● **PROBLEM DESCRIPTION**: Copy only the lines from the one containing "Alexander McQueen Wander" through the final line of the records below, exactly as written, with no pictures.

[Stored dataset items]

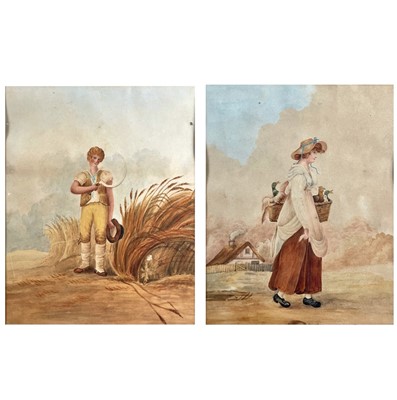 Lot 105 - A pair of Victorian watercolours.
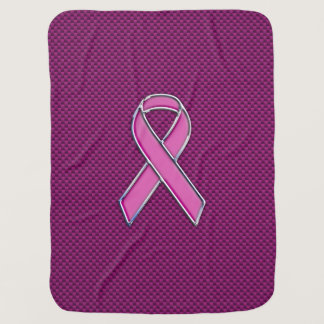 Hot Pink Style Ribbon Awareness Carbon Fiber Swaddle Blanket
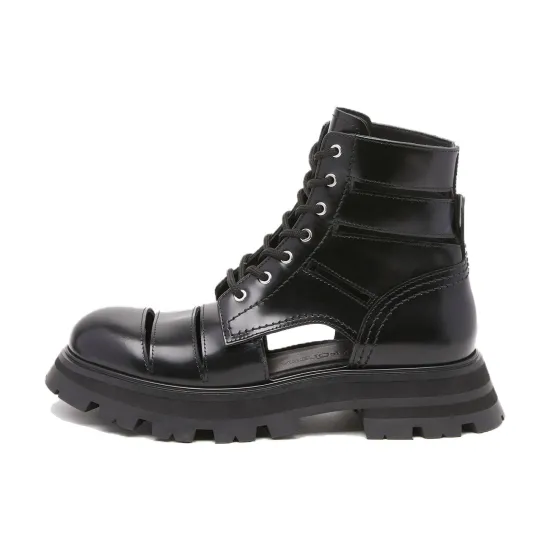 Alexander McQueen Wander Cut-out Combat Boots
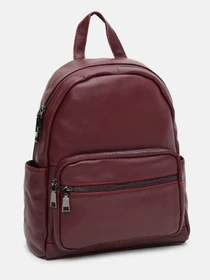 Рюкзаки Borsa Leather модель k110086w-bordo Фото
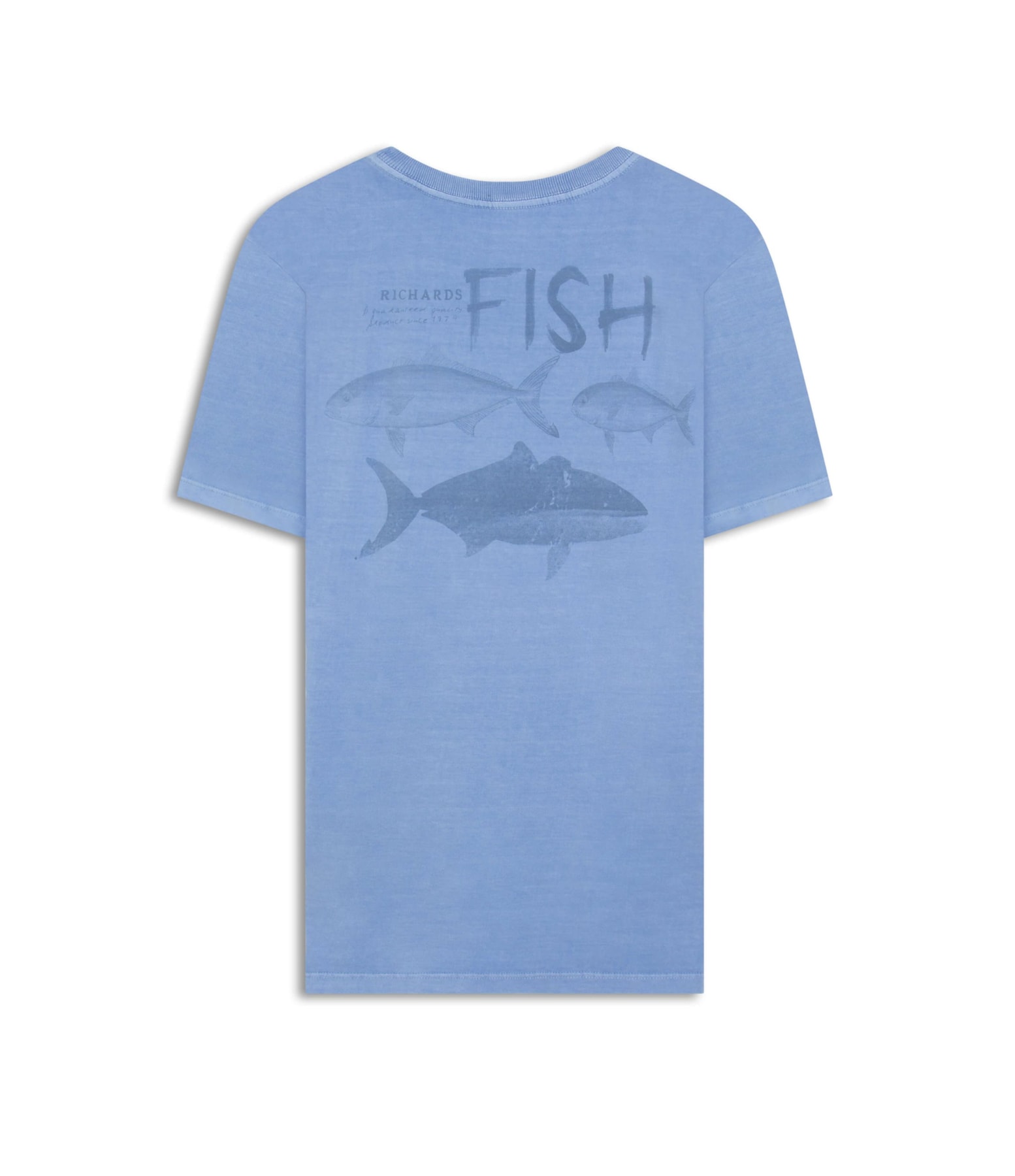 T-Shirt Washed Big Fish Azul Seco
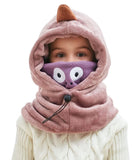 1 x Brand New Happy Cherry Children s Balaclava, Ski, Cyclist, Unisex, Warm, Fleece, Fine, Protection for Head, Nose, Mouth, Ears, Multifunctional, Scarf, Sports Hat for 3 - 12 Years, Purple - RRP €27.6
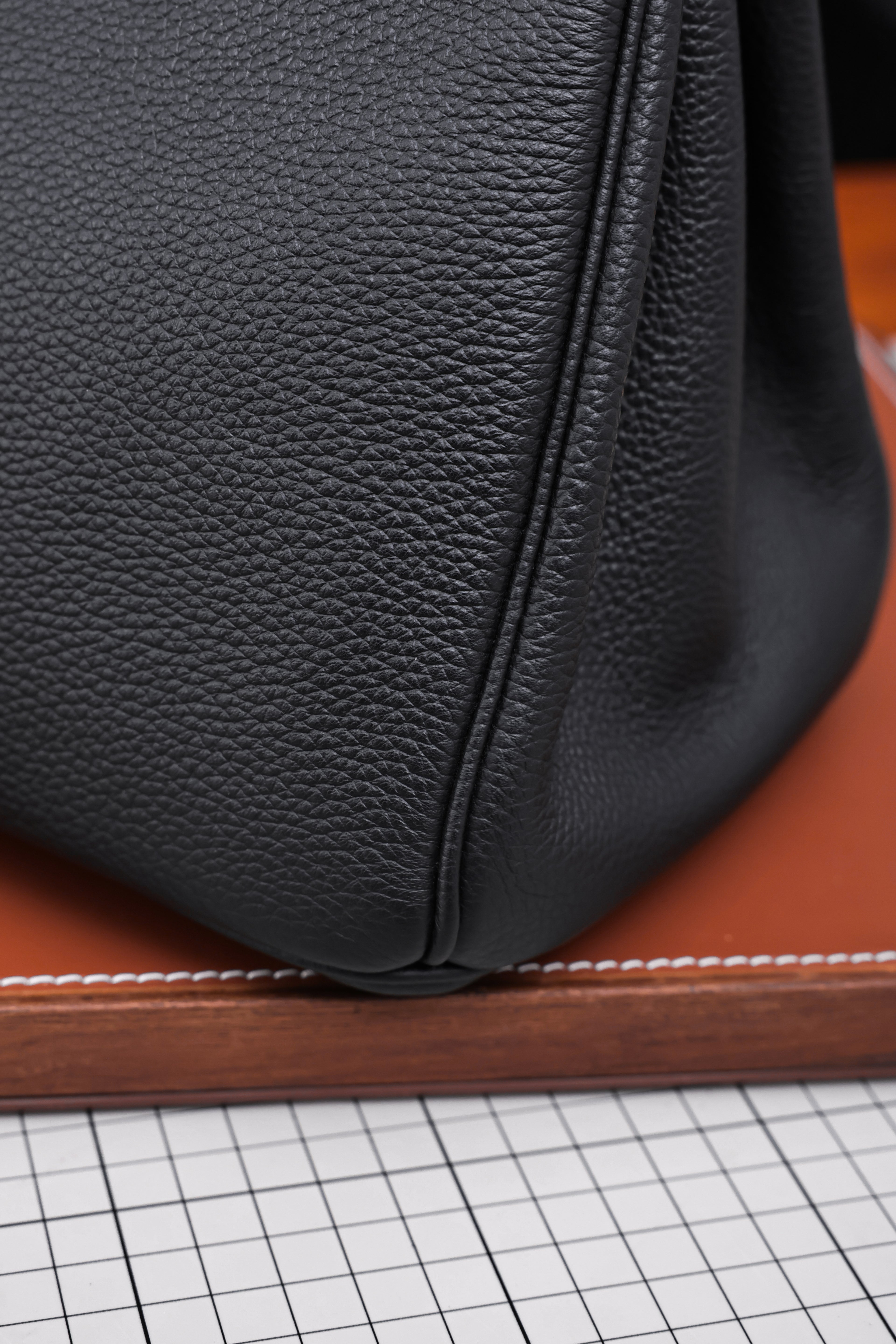 Birkin- All Handmade Golden / Sliver Noir Crocodile/togo leather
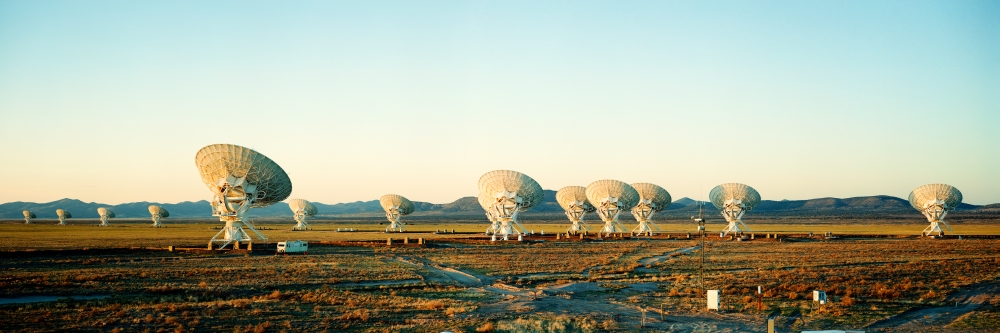 Radio Telescopes in A Field Very Large Array National Radio Astronomy Observatory Magdalena New Mexico USA Poster Print - 6 x 18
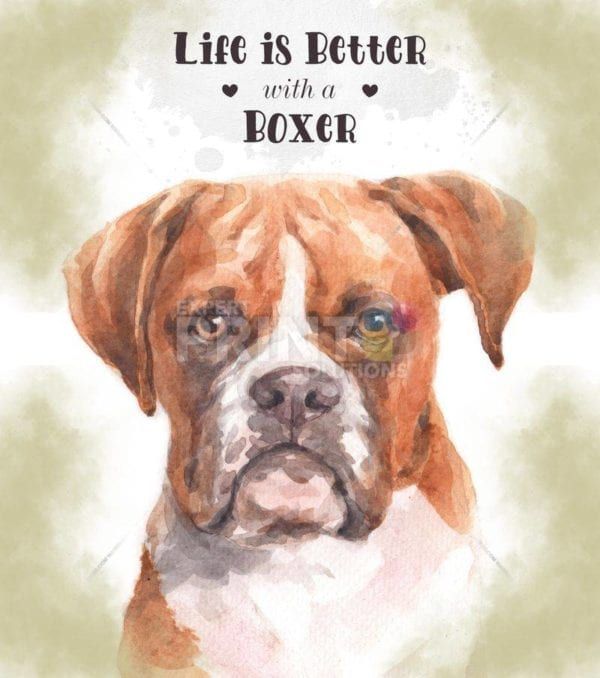 Life is Better with a Boxer Garden Flag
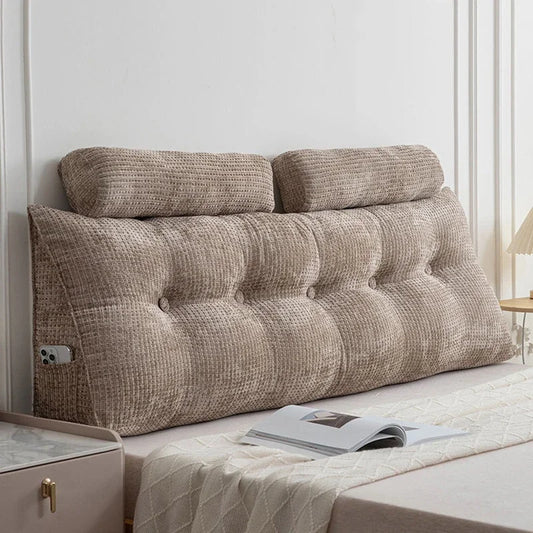 Coussin de lecture tête de lit double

● **SOLUTION TO THE EXERCISE**:
 Alexander McQueen Wander Cut-out Combat Boots
 Рюкзаки Borsa Leather модель k110086w-bordo Фото
 T-Shirt Washed Big Fish Azul Seco
 1 x Brand New Happy Cherry Children s Balaclava, Ski, Cyclist, Unisex, Warm, Fleece, Fine, Protection for Head, Nose, Mouth, Ears, Multifunctional, Scarf, Sports Hat for 3 - 12 Years, Purple - RRP €27.6
 Birkin- All Handmade Golden / Sliver Noir Crocodile/togo leather
 Radio Telescopes in A Field Very Large Array National Radio Astronomy Observatory Magdalena New Mexico USA Poster Print - 6 x 18
 Life is Better with a Boxer Garden Flag
 Coussin de lecture tête de lit double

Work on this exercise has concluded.